Signora Berry, davvero non riesce a leggere bei copioni per il cinema? Una come lei?
«Eh, una come me... Alcuni copioni per film non sono male, Cloud Atlas era molto interessante, ma è stata un'eccezione alla norma. Mi arrivano offerte per ruoli che sento di aver recitato tante altre volte. Non emozionanti abbastanza per farmi decidere di lasciare la famiglia per quattro mesi da passare su un set chissà dove. E ho scoperto che la scrittura migliore, soprattutto per ruoli femminili, la vediamo oggi in televisione. L'innovazione si fa in tv, non al cinema».

Chi è Molly Woods per lei? Ce la descrive?
«Molly è un personaggio molto forte, capace di stare nello spazio da sola per oltre un anno come se nulla fosse. Mi piacciono personaggi forti. Mi sento chiedere se sia un'altra versione di Sandra Bullock in Gravity: sono due storie completamente diverse, ma sono due astonaute, certo, forti ma anche sensibili e vulnerabili.

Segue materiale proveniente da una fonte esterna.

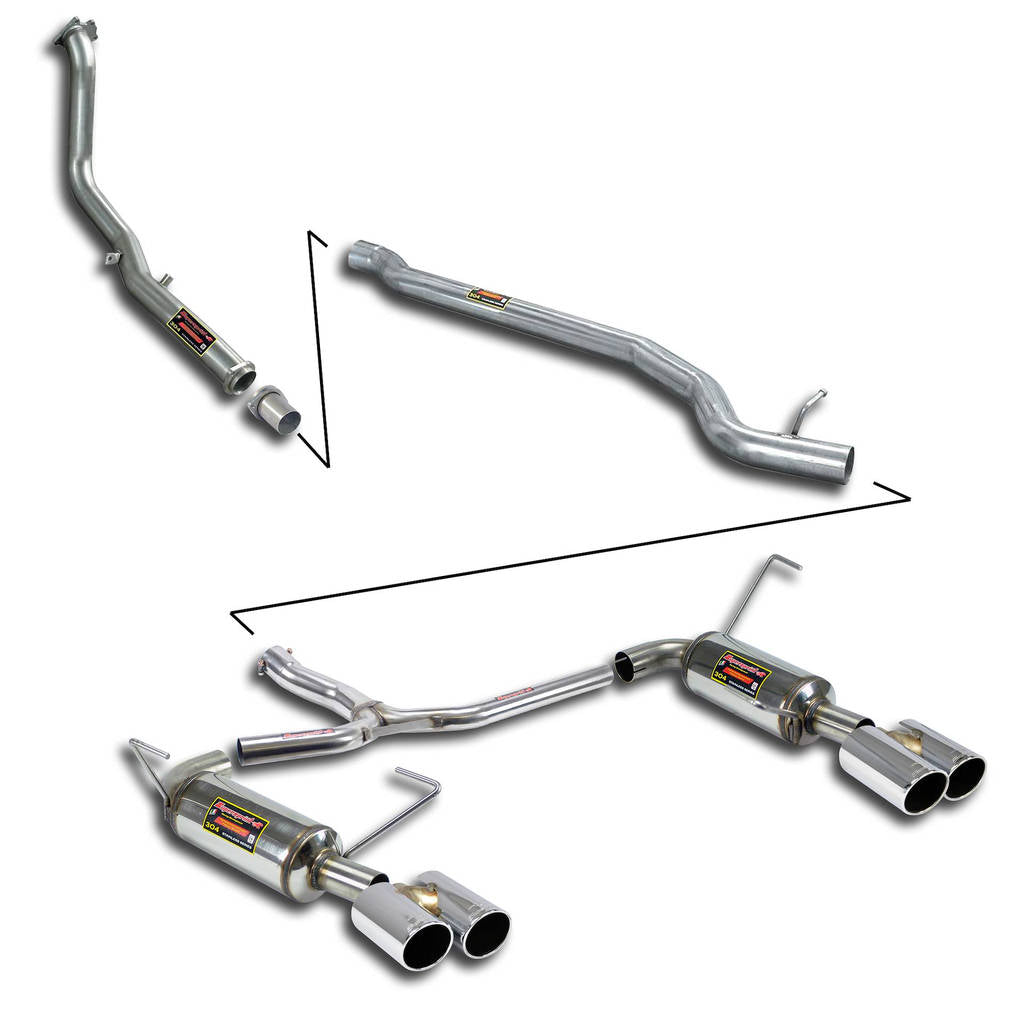 SUPERSPRINT 963160 Exhaust System for SUBARU WRX Sti 2015- Photo-0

E allora dico: ben vengano le comparazioni».

Una madre che lascia la famiglia per lo spazio. Ci si riconosce?
«La madre di un robot, attenzione. E ora incinta di non si che cosa! Io, come dicevo, non potrei mai lasciare i miei figli per più di tre giorni di seguito. Una famiglia complicata. Non c'è niente di lineare nel suo mondo».

Che ne pensa della teoria «umanistica» sui robot come descritta nella serie?
«È una forma di intelligenza artificiale impegnata a trovare una connessione con l'umanità e distinguere il bene dal male e sentirsi libera di trovare il proprio cammino autonomamente. Lo so è strano: che senso ha costruire macchine che se ne vanno per conto proprio, che magari si ribellano, ti respingono e infine si sentono infelici e insoddisfatti? Dico, non ci sono abbastanza adolescenti umani? Ma insomma, con la fiction bisogna sempre compiere un atto di fede. Ma gli spunti di riflessione ci sono».

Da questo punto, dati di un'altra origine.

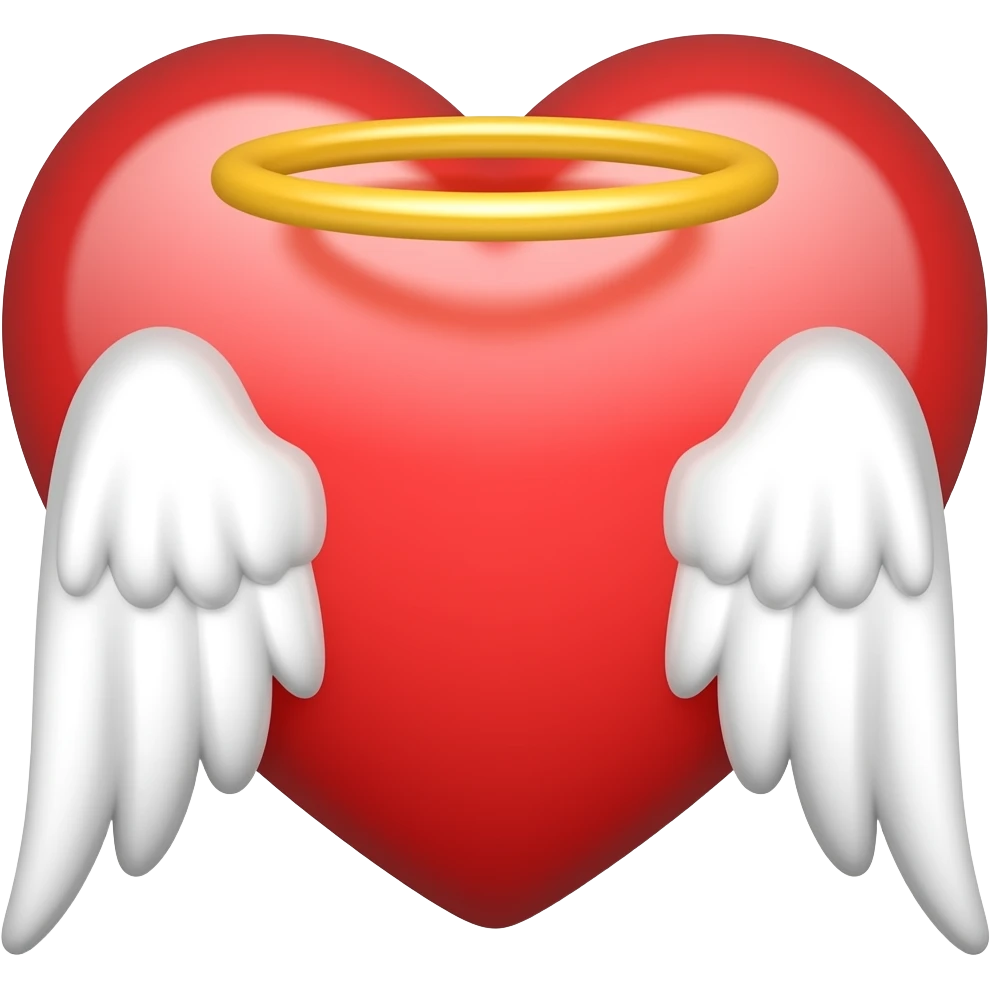 heart wings emoji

Spielberg viene sul set della serie? Parlate spesso?
«Viene di tanto in tanto, certo, come sapete lui produce molta televisione,

compreso Under the Dome, tuttora in produzione, perciò fa su e giù tra i due set. La nostra serie è pervasa da quel senso sentimentale che si profonde anche nella fantascienza, come lui ha sempre fatto da E.T. in poi...».